El quiste hepático simple es la lesión hepática incidental más frecuente. Son quistes uniloculares revestidos de epitelio biliar que contienen líquido seroso. Más frecuentes en mujeres y la prevalencia aumenta con la edad. No muestra realce, sin engrosamiento parietal ni componente sólido.
La hiperplasia nodular focal (HNF) es el segundo tumor benigno hepático más frecuente. Ocurre típicamente en mujeres jóvenes y resulta de una respuesta hiperplásica a una malformación vascular congénita. La cicatriz central con hiperseñal T2 y realce tardío es característica. La captación hepatobiliar de agentes basados en gadoxetato es diagnóstica.
El adenoma hepático es un tumor benigno hepático poco frecuente asociado al uso de anticonceptivos orales (ACO). Ocurre en mujeres jóvenes (20-40 años). La clasificación de Burdeos identifica 4 subtipos: HNF1α-inactivado (esteatótico), inflamatorio, mutado en β-catenina (mayor potencial maligno) y no clasificado. Clínicamente significativo por el riesgo de hemorragia, y se considera cirugía para lesiones grandes.
La esteatosis hepática focal es un depósito focal de grasa en el parénquima hepático. Es la contraparte de la preservación focal. Se localiza típicamente en zonas periportales y no presenta efecto de masa. La RM en fase opuesta muestra una caída de señal diagnóstica en la zona esteatósica.
El área focal de preservación hepática corresponde a una zona de parénquima hepático normal dentro de un hígado esteatósico. Se localiza típicamente en zonas periportales (segmento IV, lecho vesicular, hilio hepático). A diferencia de una verdadera lesión, no presenta efecto de masa, ni distorsión vascular y sigue los contornos del parénquima normal. La RM en fase opuesta es diagnóstica.
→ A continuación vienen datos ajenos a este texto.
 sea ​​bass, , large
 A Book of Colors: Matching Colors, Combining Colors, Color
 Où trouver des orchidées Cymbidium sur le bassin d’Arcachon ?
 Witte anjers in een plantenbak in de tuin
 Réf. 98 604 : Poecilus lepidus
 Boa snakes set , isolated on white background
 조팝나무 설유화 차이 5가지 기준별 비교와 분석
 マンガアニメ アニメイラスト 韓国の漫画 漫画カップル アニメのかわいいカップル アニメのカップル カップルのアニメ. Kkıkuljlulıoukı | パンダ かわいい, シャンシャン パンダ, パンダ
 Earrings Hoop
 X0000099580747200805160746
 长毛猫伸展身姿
Los hamartomas biliares (complejos de Von Meyenburg) son lesiones benignas del desarrollo que surgen de una malformación de la placa ductal. Típicamente se presentan como lesiones quísticas múltiples, pequeñas (<15 mm), dispersas por todo el parénquima hepático. Se descubren incidentalmente y no tienen significado clínico. La prevalencia reportada es de hasta 5.6% en series de autopsias.
Los nódulos regenerativos son nódulos benignos que surgen de la regeneración hepatocitaria en el hígado cirrótico. Están constituidos por hepatocitos normales o casi normales rodeados de septos fibrosos. A diferencia de los nódulos displásicos, no tienen potencial premaligno. Los nódulos sideróticos aparecen hipointensos en T1 y T2 debido al depósito de hierro.
El absceso hepático piógeno es una lesión hepática focal resultante de infección bacteriana, típicamente de origen biliar o portal. Los organismos más frecuentes incluyen E. coli, Klebsiella y especies de Streptococcus. La fiebre, leucocitosis y dolor en hipocondrio derecho son hallazgos clínicos típicos. El 'signo del racimo' describe la tendencia de los pequeños abscesos a coalescer en una gran cavidad única.
El absceso amebiano resulta de la llegada de Entamoeba histolytica al hígado a través del sistema venoso portal. Ocurre con mayor frecuencia en hombres jóvenes y típicamente se presenta como una cavidad única y grande en el lóbulo derecho. El contenido consiste en material necrótico con una consistencia de 'pasta de anchoas'. El historial de viajes a áreas endémicas es importante para el diagnóstico.
El quiste hidatídico es una lesión quística causada por el parásito Echinococcus granulosus en el hígado. Es frecuente en regiones endémicas (zonas pastorales). Estadificado según la clasificación OMS-IWGE de CE1 a CE5: CE1 (quiste simple), CE2 (vesículas hijas), CE3 (desprendimiento de membrana), CE4 (aspecto sólido heterogéneo), CE5 (calcificado-inactivo). Las vesículas hijas y las membranas flotantes son patognomónicas.
El hemangioma hepático gigante (>5 cm) comparte las mismas características que el hemangioma típico pero puede presentar zonas centrales de fibrosis, trombosis o calcificación. El realce periférico nodular con relleno centrípeto progresivo sigue siendo característico, aunque el relleno completo puede no observarse.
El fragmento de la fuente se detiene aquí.